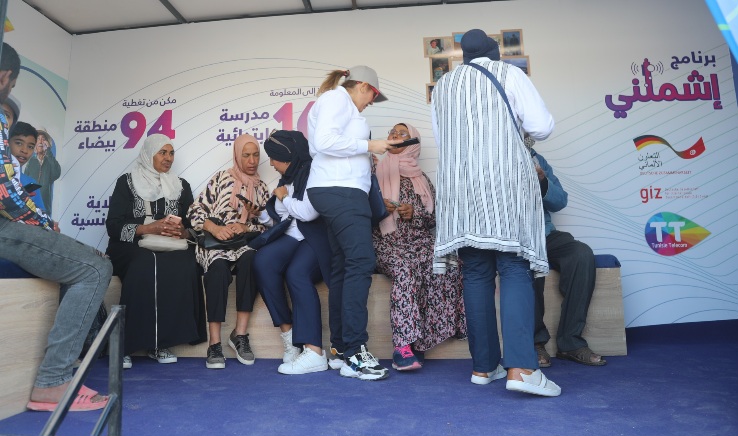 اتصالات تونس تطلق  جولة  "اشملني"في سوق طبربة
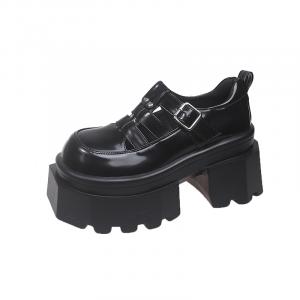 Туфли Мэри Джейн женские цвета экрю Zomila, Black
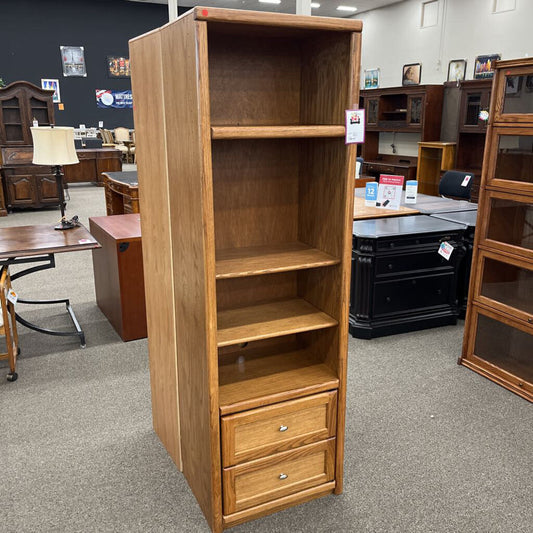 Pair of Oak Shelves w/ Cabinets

■ **Work item**: Without including the pictures, copy all of the data exactly.

■ **Exercise output**:
 اتصالات تونس تطلق  جولة  "اشملني"في سوق طبربة
 Туфли Мэри Джейн женские цвета экрю Zomila, Black
 Pair of Oak Shelves w/ Cabinets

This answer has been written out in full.